C’était sa femme, Fernanda.
Fernanda est apparue au bureau pour la première fois un mardi de février, avec un sourire trop tendu pour être sincère et des yeux qui balayaient tout à cent vingt à l’heure. Elle ne m’a rien dit de frontal. Ce n’était pas nécessaire. Le type de surveillance qu’elle exerçait était le langage universel de la femme qui sait exactement quel genre de problème représente quelqu’un comme moi, même si elle préfère ne pas le nommer. Je l’ai compris. Je suis moi aussi une femme, et je reconnais ce regard parce qu’à un autre moment de ma vie, c’est moi qui l’ai porté.
À partir de là, elle est venue deux fois par semaine. Toujours sans prévenir. Toujours avec le même sourire d’acier. Elle arpentait le bureau comme s’il s’agissait d’une inspection, échangeait quelques salutations avec les collègues, regardait l’écran de Rodrigo par-dessus son épaule puis me lançait un long regard avant de partir. Ce n’était pas hostile, exactement. C’était calculé. Le regard de quelqu’un qui mesure en permanence la distance entre ce qu’il redoute et ce qu’il peut prouver.

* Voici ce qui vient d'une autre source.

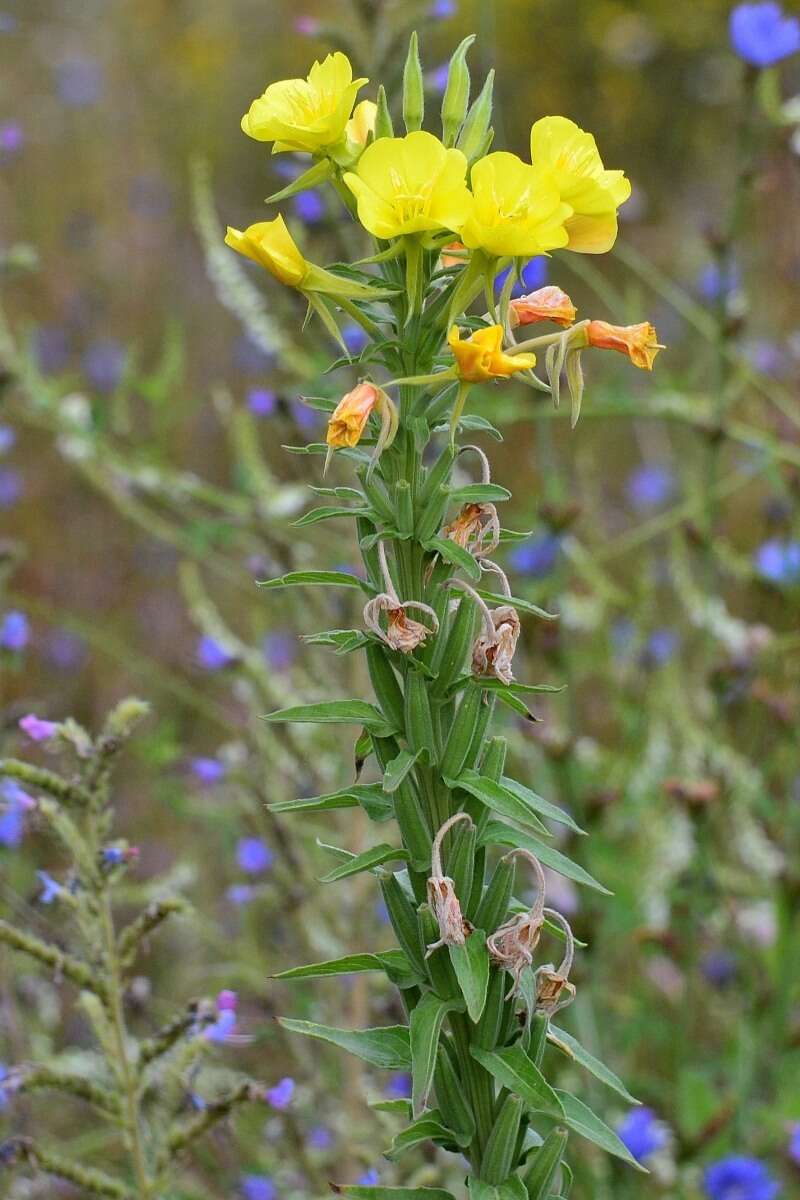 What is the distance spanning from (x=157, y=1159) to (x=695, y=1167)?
4.06 feet

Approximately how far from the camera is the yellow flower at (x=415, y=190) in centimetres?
82

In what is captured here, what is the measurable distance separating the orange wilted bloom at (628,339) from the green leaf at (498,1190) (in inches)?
22.0

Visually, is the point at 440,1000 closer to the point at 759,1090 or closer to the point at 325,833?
the point at 325,833

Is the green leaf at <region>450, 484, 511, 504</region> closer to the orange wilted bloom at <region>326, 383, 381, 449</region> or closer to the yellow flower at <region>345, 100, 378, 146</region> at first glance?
the orange wilted bloom at <region>326, 383, 381, 449</region>

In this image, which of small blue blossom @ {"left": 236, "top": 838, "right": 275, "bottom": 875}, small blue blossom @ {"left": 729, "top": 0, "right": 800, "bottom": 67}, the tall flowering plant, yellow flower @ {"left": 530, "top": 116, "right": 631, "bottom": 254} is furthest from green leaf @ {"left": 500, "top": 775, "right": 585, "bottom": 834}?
small blue blossom @ {"left": 729, "top": 0, "right": 800, "bottom": 67}

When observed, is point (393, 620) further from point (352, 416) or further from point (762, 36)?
point (762, 36)

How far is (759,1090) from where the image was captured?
252cm

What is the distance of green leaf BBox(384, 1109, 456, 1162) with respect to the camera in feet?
2.89

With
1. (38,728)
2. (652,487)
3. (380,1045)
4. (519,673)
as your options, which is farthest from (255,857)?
(652,487)

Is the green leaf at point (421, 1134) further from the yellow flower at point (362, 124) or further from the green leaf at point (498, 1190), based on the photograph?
the yellow flower at point (362, 124)

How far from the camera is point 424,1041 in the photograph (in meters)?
0.83

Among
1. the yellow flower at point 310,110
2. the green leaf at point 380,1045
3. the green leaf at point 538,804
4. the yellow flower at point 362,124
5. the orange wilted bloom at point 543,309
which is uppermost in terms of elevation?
the yellow flower at point 310,110

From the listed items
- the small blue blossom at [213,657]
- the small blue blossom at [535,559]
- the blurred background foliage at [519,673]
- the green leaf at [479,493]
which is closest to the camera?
the green leaf at [479,493]

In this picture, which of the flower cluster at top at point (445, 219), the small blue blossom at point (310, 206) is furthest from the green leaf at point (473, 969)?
the small blue blossom at point (310, 206) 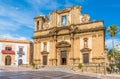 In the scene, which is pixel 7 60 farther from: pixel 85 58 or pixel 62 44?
pixel 85 58

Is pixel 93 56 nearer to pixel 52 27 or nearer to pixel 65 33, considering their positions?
pixel 65 33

Je n’ai jamais rien fait pour nourrir cette méfiance. Pas parce que son opinion sur moi m’importait, mais simplement parce que je n’avais aucune envie de m’emmêler avec un type qui avait une femme, des enfants et un crédit immobilier en banlieue. Rodrigo était un bon patron sur le plan professionnel : ponctuel, organisé, il payait les heures supplémentaires sans faire de manières. Ça me suffisait largement.
Jusqu’à un mercredi d’octobre.
***
Rodrigo était parti à une longue réunion et m’avait laissé l’accès à son téléphone pour que je réponde aux mails en attente pendant son absence. Quelque chose de routinier, de ces choses qui finissent par sembler normales quand on travaille longtemps avec quelqu’un. J’ai trié les messages par ordre d’importance, répondu aux urgents, marqué ceux qui pouvaient attendre le lendemain. L’après-midi était calme. Le service était presque vide. Personne ne faisait attention à moi.

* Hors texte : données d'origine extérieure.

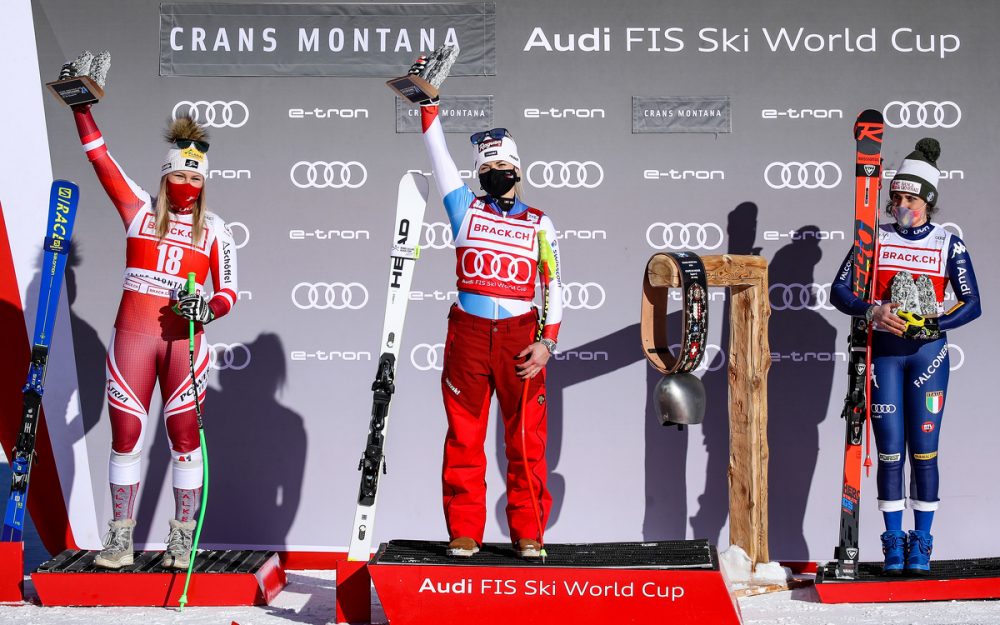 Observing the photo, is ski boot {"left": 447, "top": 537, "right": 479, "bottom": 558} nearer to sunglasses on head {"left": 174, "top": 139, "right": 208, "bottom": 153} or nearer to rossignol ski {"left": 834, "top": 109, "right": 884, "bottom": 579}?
rossignol ski {"left": 834, "top": 109, "right": 884, "bottom": 579}

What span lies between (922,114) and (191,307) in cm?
354

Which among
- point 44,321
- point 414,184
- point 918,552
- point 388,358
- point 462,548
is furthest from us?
point 918,552

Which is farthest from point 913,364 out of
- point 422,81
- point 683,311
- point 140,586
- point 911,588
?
point 140,586

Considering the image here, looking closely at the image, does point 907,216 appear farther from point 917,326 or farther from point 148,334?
point 148,334

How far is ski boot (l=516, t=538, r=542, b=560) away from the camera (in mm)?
3818

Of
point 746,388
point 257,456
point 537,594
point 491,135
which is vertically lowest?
point 537,594

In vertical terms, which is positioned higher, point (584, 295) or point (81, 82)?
point (81, 82)

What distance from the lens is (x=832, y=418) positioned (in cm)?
498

Et puis, sans le chercher, sans aucune intention de fouiner, le fil de conversation avec Fernanda est apparu à l’écran pendant que je cherchais un mail d’un client.
Je ne l’ai pas lu en entier. J’en ai juste vu assez.

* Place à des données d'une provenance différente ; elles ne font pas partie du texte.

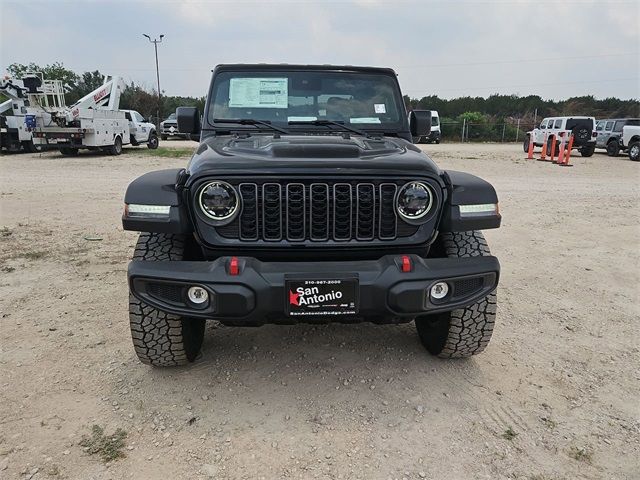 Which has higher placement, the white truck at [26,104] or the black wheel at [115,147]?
the white truck at [26,104]

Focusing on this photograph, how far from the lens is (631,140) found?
20750mm

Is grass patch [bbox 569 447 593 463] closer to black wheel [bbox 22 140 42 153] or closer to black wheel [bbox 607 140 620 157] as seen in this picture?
black wheel [bbox 22 140 42 153]

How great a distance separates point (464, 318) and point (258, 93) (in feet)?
7.47

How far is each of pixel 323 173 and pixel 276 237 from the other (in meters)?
0.43

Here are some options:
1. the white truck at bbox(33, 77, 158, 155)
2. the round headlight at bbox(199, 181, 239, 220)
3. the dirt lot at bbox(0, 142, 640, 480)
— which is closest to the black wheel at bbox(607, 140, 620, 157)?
the dirt lot at bbox(0, 142, 640, 480)

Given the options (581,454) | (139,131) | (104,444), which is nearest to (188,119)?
(104,444)

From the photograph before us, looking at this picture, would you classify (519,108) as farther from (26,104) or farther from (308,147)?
(308,147)

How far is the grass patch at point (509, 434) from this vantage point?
261cm

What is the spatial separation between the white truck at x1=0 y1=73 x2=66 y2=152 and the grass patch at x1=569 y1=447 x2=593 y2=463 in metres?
18.7

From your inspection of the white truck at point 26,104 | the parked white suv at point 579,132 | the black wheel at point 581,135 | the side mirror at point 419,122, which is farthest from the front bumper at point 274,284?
the black wheel at point 581,135

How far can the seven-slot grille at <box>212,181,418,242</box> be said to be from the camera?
8.63 ft

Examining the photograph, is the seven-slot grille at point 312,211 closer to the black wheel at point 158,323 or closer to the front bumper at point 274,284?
the front bumper at point 274,284

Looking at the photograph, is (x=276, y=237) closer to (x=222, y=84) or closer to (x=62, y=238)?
(x=222, y=84)

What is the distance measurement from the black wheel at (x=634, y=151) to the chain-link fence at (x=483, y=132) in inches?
708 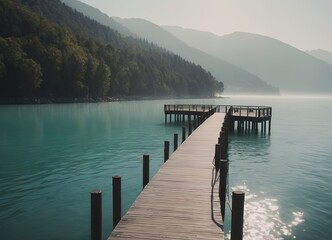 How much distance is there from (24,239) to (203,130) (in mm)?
19857

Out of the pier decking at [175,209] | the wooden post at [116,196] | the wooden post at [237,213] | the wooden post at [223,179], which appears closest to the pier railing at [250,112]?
the pier decking at [175,209]

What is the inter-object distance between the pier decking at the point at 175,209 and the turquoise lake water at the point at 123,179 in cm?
307

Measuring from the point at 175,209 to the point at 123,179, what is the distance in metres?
11.3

Mon nom apparaissait trois fois dans les quatre derniers messages. Pas comme « l’assistante de Rodrigo » ni comme « ta collègue de travail ». Il apparaissait comme « cette salope », « cette pute de ton bureau » et, dans le plus récent, envoyé ce même matin : « si tu ne la changes pas de service, j’irai moi-même lui dire ce que je pense d’elle ».
J’ai reposé le téléphone sur le bureau avec beaucoup de soin. Comme quelqu’un qui dépose un verre en cristal fin sur une surface instable.
Alors c’est comme ça qu’elle m’appelle.
J’ai passé les quarante minutes suivantes à faire mon travail avec un calme qui m’a surprise moi-même. J’ai répondu aux mails, organisé l’agenda de la semaine suivante, passé deux appels de suivi. Tout exactement comme n’importe quel autre jour, sauf qu’au cours de ces quarante minutes, à un moment donné, j’ai pris une décision très claire.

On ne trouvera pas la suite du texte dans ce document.